Nothing wrong with the song, I was referring to the fact that it's rolled out when people go back to school/college or people referring to it when they're reluctant to go to work.... 

And yes it's about that 16 year old in San Diego.


----------



## Caveat (9 Sep 2010)

Staples said:


> And then there was "Turning Japanese" by the Vapors .
> 
> The man wasn't really turning japanese at all!!!!!


 
Indeed!

Took me a long time to learn what it was about.  Always realised of course that it was highly unlikely to be taken literally, but still, the true reference surprised me a little.


----------



## Seagull (9 Sep 2010)

You left out Golden Brown by the stranglers - a nice little ode to heroin.


----------



## Purple (9 Sep 2010)

Seagull said:


> You left out Golden Brown by the stranglers - a nice little ode to heroin.



I think most people know that though.


----------



## MeathCommute (9 Sep 2010)

I love "The Wind Cries Mary" by Hendrix and "Last Dance With Mary Jane" by Tom Petty, both songs about a drug with M and J in the title


----------



## Caveat (9 Sep 2010)

Ah yes, maldroxindiapajezamine, great stuff.


----------



## DrMoriarty (9 Sep 2010)

Speaking of Hendrix...

http://www.kissthisguy.com/

— and speaking of maldroxindiapajezamine...

http://www.youtube.com/watch?v=3xJWxPE8G2c


----------



## MeathCommute (9 Sep 2010)

Caveat said:


> Ah yes, maldroxindiapajezamine, great stuff.


 
Ha ha ha.
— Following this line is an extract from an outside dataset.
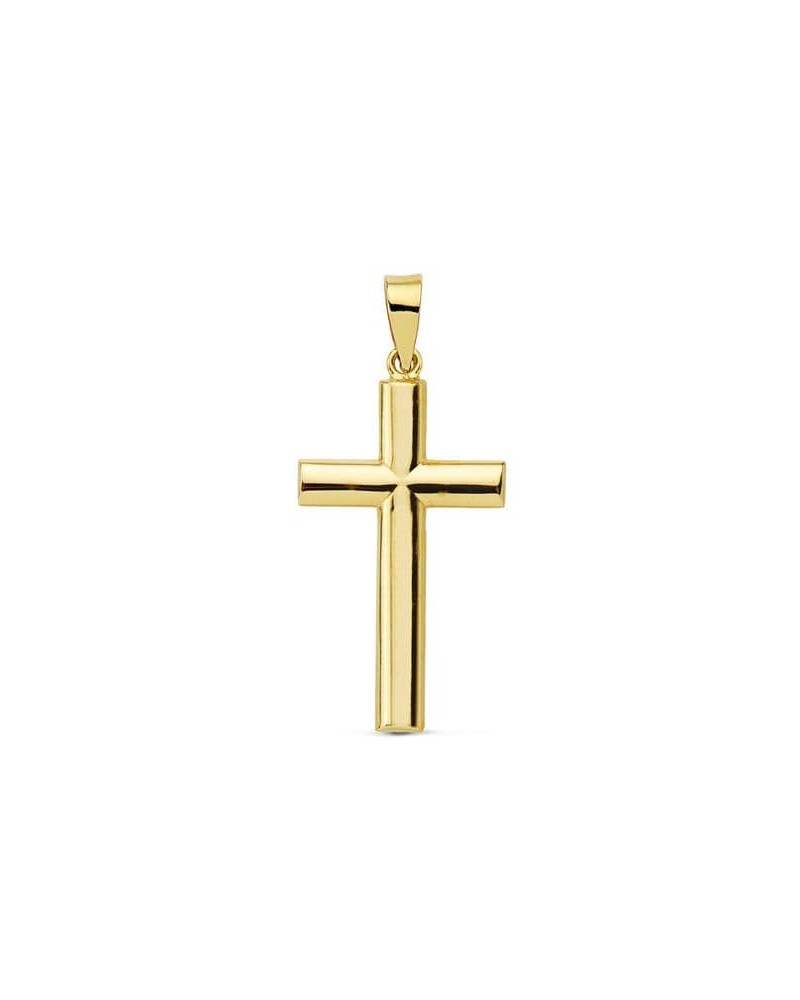 Cruz oro 18k amarillo lisa 25x15mm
Put 'maldroxindiapajezamine' into Google. You're the only one who's ever heard of it !


----------



## dereko1969 (9 Sep 2010)

interesting article about this here
http://www.avclub.com/articles/mumble-mumble-shoulder-something-rem-guided-by-voi,44551/


----------



## enoxy (9 Sep 2010)

ney001 said:


> Summer of 69 by Bryan adams - nowt to do with the year rather the position!


 
The french version by Serge Gainsboro called "L'éte de soixante-neuf" is even ruder.


----------



## PaddyW (10 Sep 2010)

Caveat said:


> Ah yes, maldroxindiapajezamine, great stuff.



TetraHydroCannabinol?


----------



## Caveat (10 Sep 2010)

MeathCommute said:


> Ha ha ha. Put 'maldroxindiapajezamine' into Google. You're the only one who's ever heard of it !


 
No wonder. I made it up.

Sounds real though doesn't it?


----------



## MeathCommute (11 Sep 2010)

Fair play to you. 10 out of 10 !


----------